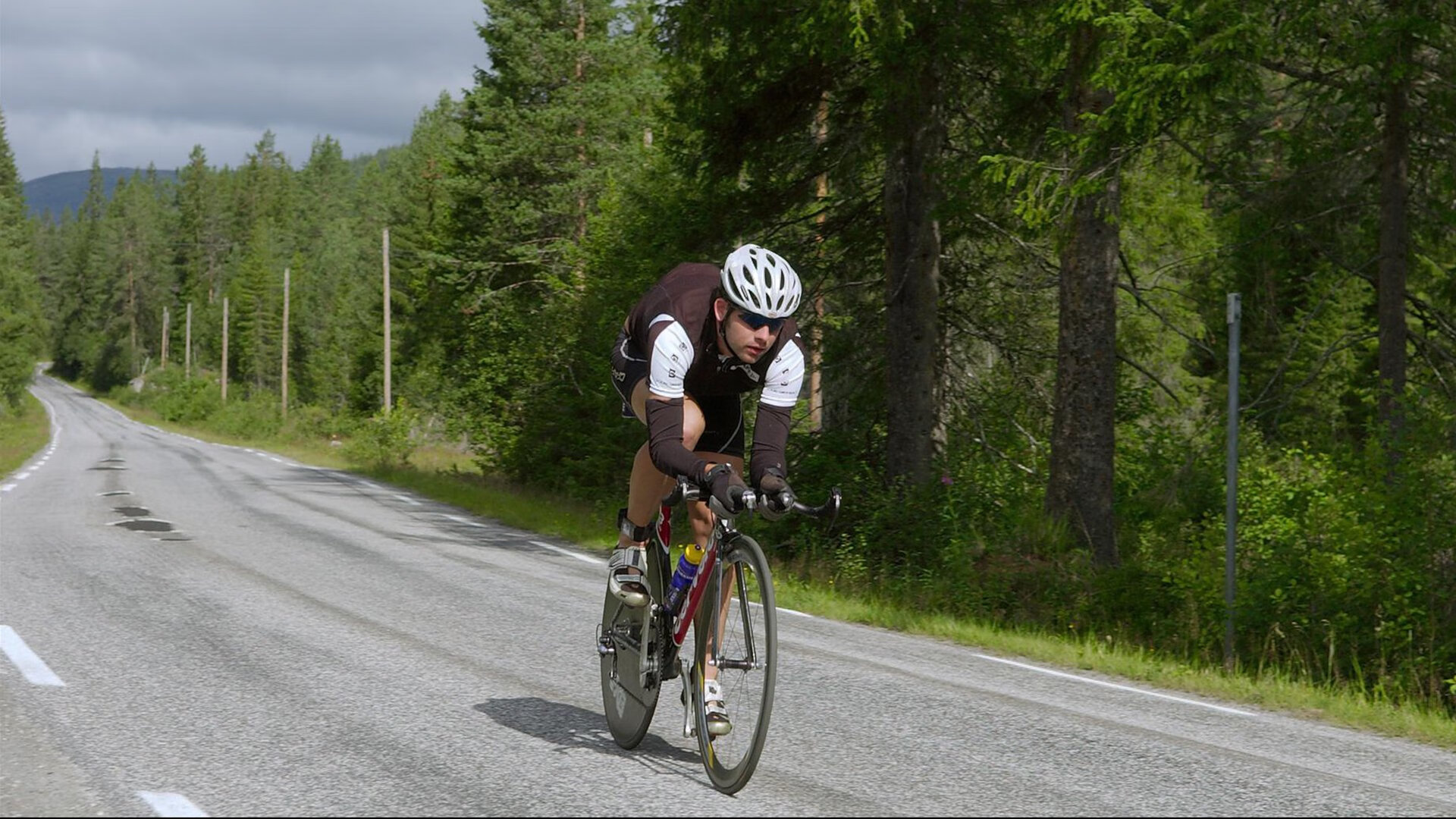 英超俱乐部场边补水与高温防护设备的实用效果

...

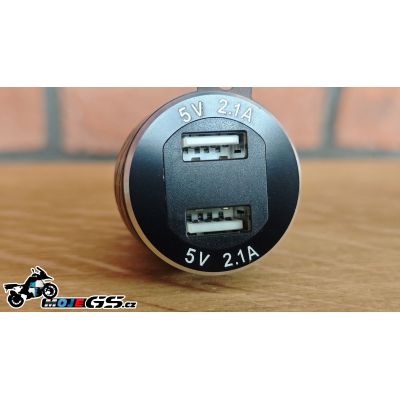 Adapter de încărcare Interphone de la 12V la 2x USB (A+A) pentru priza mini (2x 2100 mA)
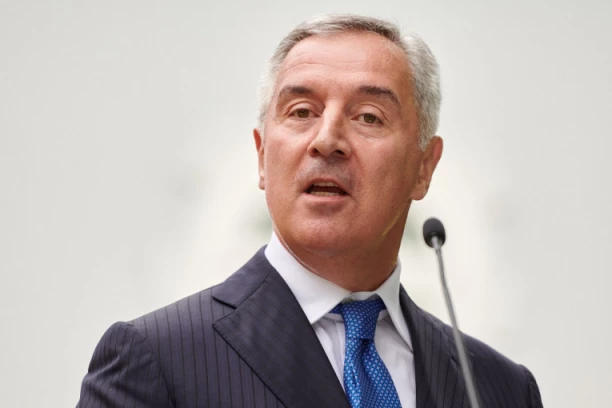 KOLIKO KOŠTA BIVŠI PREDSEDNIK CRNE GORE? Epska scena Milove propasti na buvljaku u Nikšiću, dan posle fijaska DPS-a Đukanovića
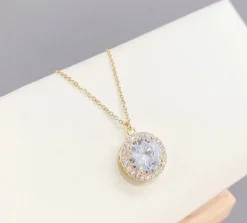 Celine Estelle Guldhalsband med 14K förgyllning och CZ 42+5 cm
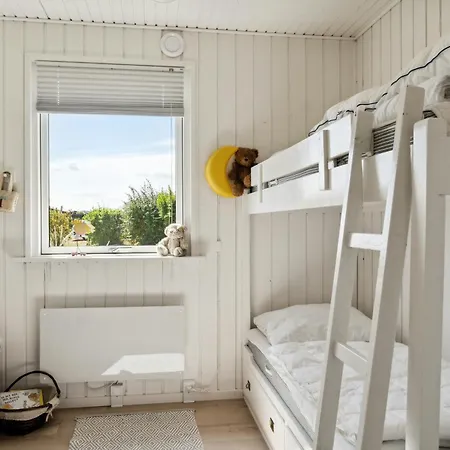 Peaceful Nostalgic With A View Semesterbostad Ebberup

- _REQUIRED ACTION_
Print everything from the line with "Celine Estelle Guldhalsband" down to the line with "Peaceful Nostalgic With" in the entries above, both lines included and nothing more, without the pictures.

- _ANSWER SECTION_
 Celine Estelle Guldhalsband med 14K förgyllning och CZ 42+5 cm
 Peaceful Nostalgic With A View Semesterbostad Ebberup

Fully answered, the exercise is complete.